To find the lowest rating that exists in the data base, we first need to extract the average_rating column using select():

avg_rating_db <- select(ratings_db, average_rating)
avg_rating_db
# Source:   lazy query [?? x 1]
# Database: postgres [user0001@r7k3-mds1.stat.ubc.ca:5432/can_mov_db]
average_rating
<dbl>
1            6.6
2            6.3
3            7.5
4            6.1
5            7.0
6            5.5
7            5.6
8            5.3
9            5.8
10            6.9
# … with more rows

Next we use min() to find the minimum rating in that column:

min(avg_rating_db)
Error in min(avg_rating_db) : invalid 'type' (list) of argument

Instead of the minimum, we get an error! This is another example of when we need to use the collect() function to bring the data into R for further computation:

avg_rating_data <- collect(avg_rating_db)
min(avg_rating_data)
[1] 1

We see the lowest rating given to a movie is 1, indicating that it must have been a really bad movie…

Why should we bother with databases at all?

Opening a database stored in a .db file involved a lot more effort than just opening a .csv, .tsv, or any of the other plain text or Excel formats. It was a bit of a pain to use a database in that setting since we had to use dbplyr to translate tidyverse-like commands (filter, select, head, etc.) into SQL commands that the database understands. Not all tidyverse commands can currently be translated with SQLite databases. For example, we can compute a mean with an SQLite database but can’t easily compute a median. So you might be wondering why should we use databases at all?

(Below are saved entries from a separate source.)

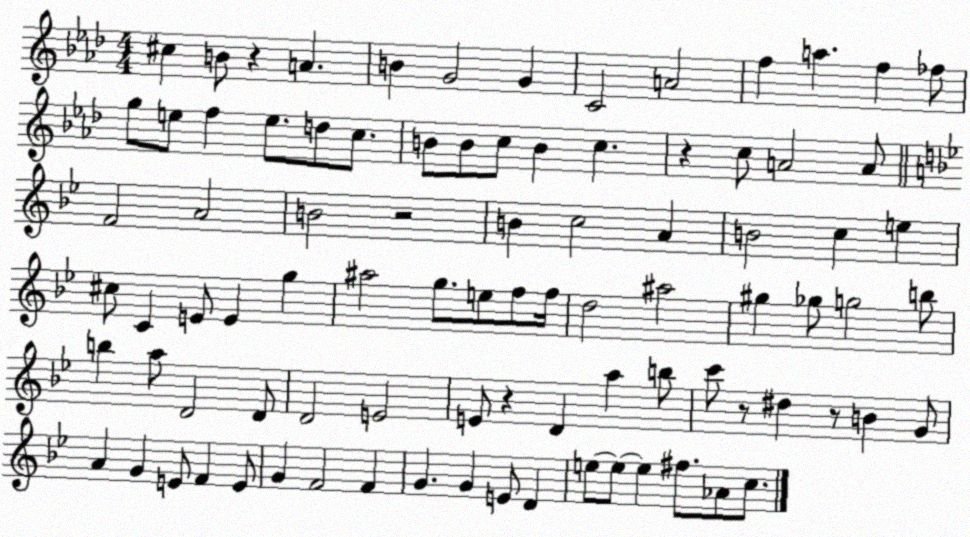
X:1
T:Untitled
M:4/4
L:1/4
K:Ab
^c B/2 z A B G2 G C2 A2 f a f _f/2 g/2 e/2 f e/2 d/2 c/2 B/2 B/2 c/2 B c z c/2 A2 A/2 F2 A2 B2 z2 B c2 A B2 c e ^c/2 C E/2 E g ^a2 g/2 e/2 f/2 f/4 d2 ^a2 ^g _g/2 g2 b/2 b a/2 D2 D/2 D2 E2 E/2 z D a b/2 c'/2 z/2 ^d z/2 B G/2 A G E/2 F E/2 G F2 F G G E/2 D e/2 e/2 e ^f/2 _A/2 c/2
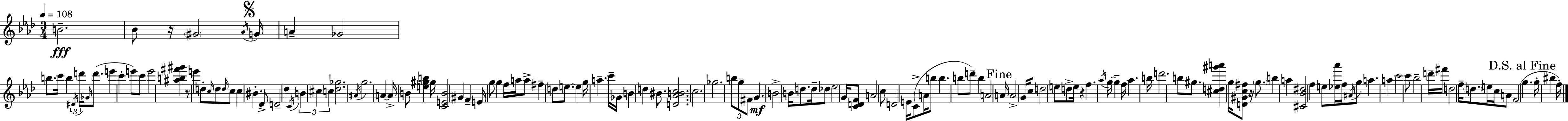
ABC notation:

X:1
T:Untitled
M:3/4
L:1/4
K:Ab
B2 _B/2 z/4 ^G2 _A/4 G/4 A _G2 b/2 c'/4 b ^D/4 d'/4 _G/4 d'/2 e' c' e'/2 c'/2 e'2 [^ab^f'^g'] z/2 e' d/2 c/4 d/2 d/4 c/2 c ^B _D/2 D2 _d C/4 B ^c c [_d_g]2 ^A/4 g2 A A/4 B/2 [e^gb] ^g/4 [CEB]2 ^G F E/4 g/2 g f/4 a/4 a/2 ^f d/2 e/2 e g/4 a c'/4 _G/4 B d ^B/2 [D_ABc]2 c2 _g2 b/2 g/2 ^F/2 G B2 B/4 d/2 d/4 _d/2 _e2 G/4 [CDF]/2 A2 c/2 D2 E/4 C/2 A/4 b/2 b b/2 d'/2 b A2 A/4 A2 G/4 c/2 d2 e/2 d/2 e/4 z f _a/4 g/4 g f/4 _a b/4 d'2 b/2 ^g/2 [^cd^g'a'] g/4 [D^Gc^f]/2 z/4 g/2 b a [^C_B^d]2 f e/2 [_e_a']/4 f/4 ^A/4 g/2 a a c'2 c'/2 _b2 d'/4 ^f'/4 d2 f/4 d/2 e/4 c/4 A/2 F2 g g/4 ^b f/4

Databases are beneficial in a large-scale setting:

• they enable storing large data sets across multiple computers with automatic redundancy and backups
• they allow multiple users to access them simultaneously and remotely without conflicts and errors
• they provide mechanisms for ensuring data integrity and validating input
• they provide security to keep data safe For example, there are billions of Google searches conducted daily.

## 3.5 Webscraping

In the first part of this chapter, we learned how to read in data from plain text files that are usually “rectangular” in shape using the tidyverse read_* functions. Sadly, not all data comes in this simple format, but we can happily use many other tools to read in more messy/wild data formats. The formal name for gathering non-rectangular data from the web and transforming it into a more useful format for data analysis is web scraping.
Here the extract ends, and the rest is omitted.